Высшие кадры Красной Армии 1917-1921 - Сергей Войтиков 12 стр.


Начальник отделения военного контроля Сурнин докладывал в военный комиссариат Петроградской трудовой коммуны в апреле 1918 года: «При осмотре агентом отделения, заведшим знакомство среди военнопленных германцев, помещения, занятого военнопленными в доме № 23 по Максимилиановскому переулку, никакого склада оружия не найдено; по словам денщика, прибывшего после 19… апреля в Петроград после поездки в Берлин, ротмистра фон Зеегерса, оружие может храниться только в Шведском посольстве. Тот же денщик — Иоганн Дитер — на вопрос о том, когда немцы будут в Петрограде, ответил, что Петроград будет взят через две недели. С Балтийского вокзала 18 апреля были взяты в наблюдение мужчина и женщина, показавшиеся подозрительными агентам отделения и оказавшиеся проживающими в доме № 23 по Серпуховской ул. Иоганном и Альмой Газенфус, немецкими колонистами из Венденского уезда Лифляндской губернии. Записаны они «конторщик» и «прислуга», но внешний их вид и платье оставляют сомнение в справедливости этих сведений, тем более что, по сведениям внутренней агентуры, они нигде не служат, а живут, не стесняясь, в средствах. Наблюдение продолжается. По полученным от военнопленных сведениям, у них ожидается всеобщая мобилизация людей в возрасте от 38 до 45 лет»[338].

17 апреля военные контрразведчики перехватили ещё более тревожные сведения: телеграммой Германского Большого Генерального штаба кайзер Вильгельм требовал от главной германской военной миссии во главе с выехавшим 14 апреля в Петроград послом В. фон Мирбахом «всех военнопленных привести в полный порядок и установить дисциплину». Из разговоров с военнопленными агенты военной контрразведки выяснили — «военнопленные офицеры вооружены револьверами, на основании разрешений, полученных от Шведского Красного Креста, было приказание Главного германского штаба (имеется в виду Германский Большой Генеральный штаб. — C.В.) о вооружении всех военнопленных, но приказание почему-то отменено»[339]. Естественно, предполагалось, что приказание «почему-то» отменено до поры до времени.

Когда 18 апреля приехала делегация Мирбаха в составе 60 человек, на вокзале её уже встречали агенты наших спецслужб — «шофёр Митрофанов заметил всех в лицо», отвёз в Европейскую гостиницу, затем в Аничков дворец, ресторан «Медведь» (Конюшенная улица), германское посольство (Миллионная, 25), шведскую миссию (Мойка, 94), где они и остались[340]. Весьма показательно.

Интересно, что в оккупированном Ревеле высшие офицеры германской армии открыто говорили о готовящемся наступлении на Петроград по трём направлениям.

Михаил Бонч-Бруевич оперативно доложил добытые контрразведкой сведения Высшему военному совету и добился решения о чистке столицы от германских военнопленных[341].

Глава 2 «Обжуливание жуликов», или Ответный удар

3 марта 1918 года был подписан Брестский мир, который даже В.И. Ленин именовал «тягчайшим», «унизительнейшим» и «позорным»[342]. В историографии подробно писали о причинах заключения мира с Германией на столь тяжёлых условиях[343], ходе мирных переговоров[344], трудностях ратификации мира[345], финансовой стороне вопроса[346]. Однако события, произошедшие после подписания мира, до настоящего момента изучены недостаточно.
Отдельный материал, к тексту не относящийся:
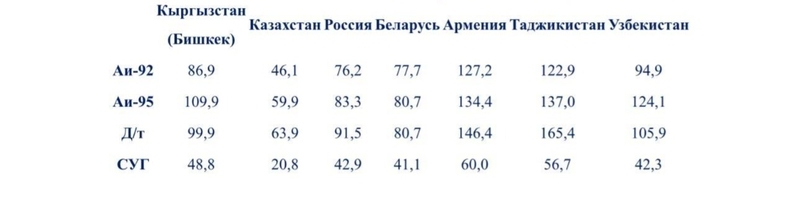 Фото: Кабар (рус.)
Советско-германские отношения после заключения Брестского мира наиболее полно исследовались в Германии — по материалам фонда «Politische Abteilung IА» Политического архива министерства иностранных дел Германии, в т.ч. по опубликованным из этого фонда немецким историком В. Баумгартом донесениям посла Германской империи в Советской России графа В. фон Мирбаха в Берлин[347]. Отдельные сюжеты по советско-германским отношениям после заключения Брестского мира позволяют уточнить материалы Высшего военного совета и центральных управлений Наркомвоена[348]. Ранее оперативные документы Высшего военного совета привлекались в основном для освещения вопроса об организации Завесы — иррегулярных частей, из которых впоследствии формировались части Красной Армии; правда, исследователь Н.Д. Егоров рассматривал историю Завесы в контексте последовательного изменения военно-политического положения Советской республики[349].

Условия Брестского мира были чрезвычайно тяжёлыми для молодой Советской республики. Она потеряла около 1 млн. кв. км территории, включая Украину и другие важные промышленные, продовольственные и сырьевые районы с большими людскими ресурсами. Это привело к серьёзному ослаблению военно-экономического потенциала страны, вызвало ряд опасных очагов внутренней контрреволюции и способствовало развёртыванию интервенции Антанты.

6 марта 1918 года с английского линейного корабля «Глори» в Мурманске высадился отряд английских морских пехотинцев в количестве 150 человек с двумя орудиями. Это и стало началом интервенции. На следующий день на Мурманском рейде появился английский крейсер «Кокрен», 18 марта — французский крейсер «Адмирал Об», а 27 мая — американский крейсер «Олимпия». 30 июня Мурманский совет, пользуясь поддержкой интервентов, принял решение о разрыве отношений с Москвой. 15–16 марта 1918 года в Лондоне состоялась военная конференция Антанты, на которой обсуждался вопрос об интервенции. В условиях начавшегося немецкого наступления на Западном фронте было решено не отправлять в Россию крупных сил. В июне в Мурманске высадилось ещё 1,5 тыс. британских и 100 американских солдат[350].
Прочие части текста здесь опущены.